Stefan Romey (Marburg)

Marburger Inventarisations-, Dokumentations- und Administrationssystem MIDAS:
Erfassung von komplexen Kunstgegenständen mit Perspektiven zur Digitalisierung und Einbindung von Bildern

 

Summary:
Marburg Inventory, Documentation and Administration System MIDAS.
Registration of Complex Art Objects, and a Perspective on Link-connected Digitalized Images

The Bildarchiv Marburg was founded in 1927. MIDAS has been developed since the 1970s to computer-catalogue its several hundred thousand photographic and microfiche reproductions and descriptions of objects of art and cultural history. As a service system, MIDAS provides rules to structure art-historical information; a data-bank HIDA ('Hierarchical Document Administrator'); a thesaurus key to the Marburg Library; the 'Marburg Index' to works of art in German; and an advisory service for the introduction of computer facilities elsewhere in institutions of cultural history. The problematics of registering complex art objects have resulted in the MIDAS ordering system. It is open for the linking of digitalized images - in grey tones or in colour - of the art objects recorded and described.

 

Das Bildarchiv Foto Marburg, es besteht seit 1927, wurde Mitte der siebziger Jahre vor die Aufgabe gestellt, den immer weiter ansteigenden Bestand an Fotografien sinnvoll zu verwalten. Im Marburger Index waren zu diesem Zeitpunkt schon mehrere hunderttausend Fotografien auf Microfiches publiziert worden, und die Benutzer des Index verlangten nach einem umfassenden Katalog. Um diesen Katalog möglichst effizient zu erstellen, wurde mit der Einführung der EDV-unterstützten Katalogisierung begonnen.
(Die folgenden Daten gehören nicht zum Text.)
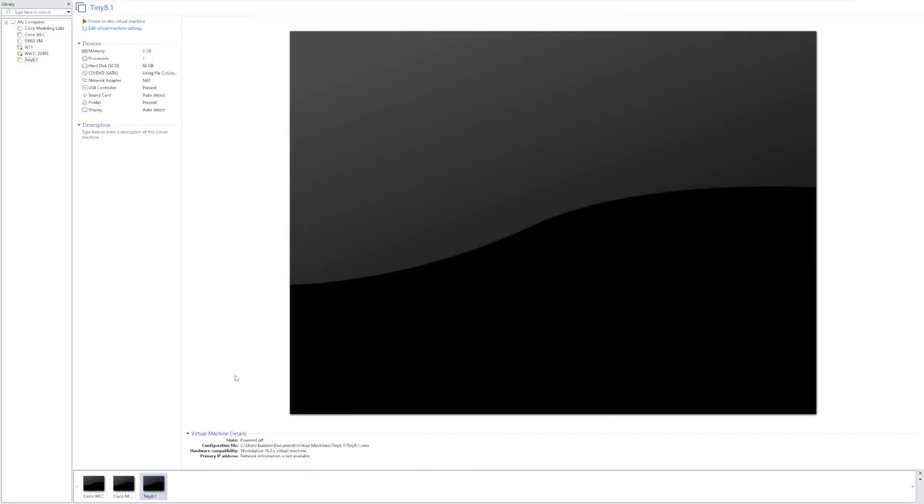Hey guys, it's Bub here. In this video, we're taking a look at Tiny 8.1. In the past, we've taken a look at Tiny 10, Tiny 11, Tiny 7, Tiny Vista, I believe even Tiny XP. But there's one OS that we've always skipped over, and it wasn't intentional. It is Tiny 8.1.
MIDAS wurde entwickelt, und mittlerweile sind im Bildarchiv Foto Marburg über 100.000 Dokumente zu Gegenständen der Kunst- und Kulturgeschichte erfaßt; vorrangig handelt es sich hierbei um Graphik und Malerei. Zu diesen Dokumenten wurden die benötigten Seitendateien wie Künstler-, Geographie- oder Ikonographie-Dateien angelegt, um eine möglichst umfassende Erfassung zu gewährleisten.
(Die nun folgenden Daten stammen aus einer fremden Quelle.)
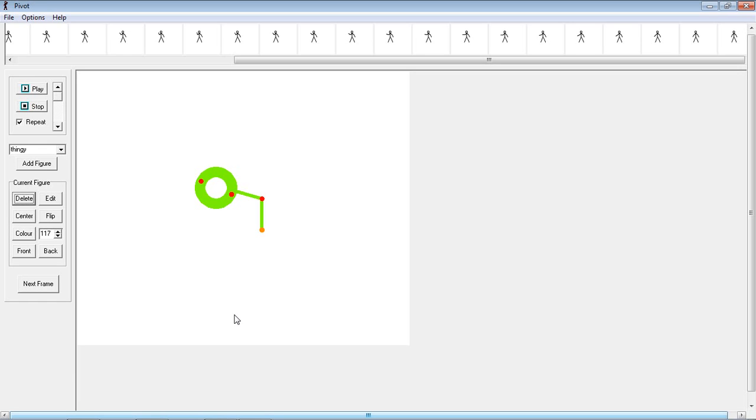It's very simple, but it can be used to create some pretty awesome animations if you get the hang of it. It does take a bit of time, but it can be pretty fun once you get used to it.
1. Die verschiedenen Elemente von MIDAS

MIDAS ist somit weder ein Programm noch eine reine Anleitung zur Erstellung von Datenbanken. Es ist ein System, das sich aus folgenden Komponenten zusammensetzt:
  1. das Regelwerk für die Strukturierung und Erfassung kunsthistorischer Informationen.
  2. das Datenbanksystem HIDA. HIDA ist ein Akronym für "HIerarchischer Dokument Administrator".
  3. die maschinell nutzbaren Thesauri, Lexika, Kataloge und Inventare der "Marburger Bibliothek" auf Disketten und Bändern. Sie sind nach den MIDAS-Regeln erstellt und stehen jedem MIDAS-Anwender als Thesaurus von MIDAS zur Verfügung.
  4. der "Marburger Index", der derzeit etwa 500.000 Werke der Kunst in Deutschland in 850.000 Fotografien wiedergibt und ca. 100.000 der Werke durch 30 katalogartige Register auf 180.000 Seiten unter verschiedenen Gesichtspunkten erschließt. Die Daten der Kunstwerke stehen MIDAS-Anwendern zur Verfügung; sie können sie so z.B. als Grundstock ihrer eigenen Datenbank verwenden.
  5. der Beratungsservice, dessen sich kulturgeschichtliche Einrichtungen bedienen können, wenn sie die EDV einführen wollen. Er reicht von der Beratung über die Gerätebeschaffung und -Installation bis zur Erstellung individueller Anwendungsprogramme mit anschließender Betreuung und Wartung.
Diese fünf Komponenten können unabhängig voneinander in Anspruch genommen und vom Anwender nach eigenen Bedürfnissen modifiziert und ausgebaut werden. Intendiert ist jedoch eine übereinstimmende Vorgehensweise möglichst vieler Institutionen, da damit im kulturwissenschaftlichen Bereich neue Wege für den Austausch von Daten und eine verbessserte Zusammenarbeit eröffnet würden.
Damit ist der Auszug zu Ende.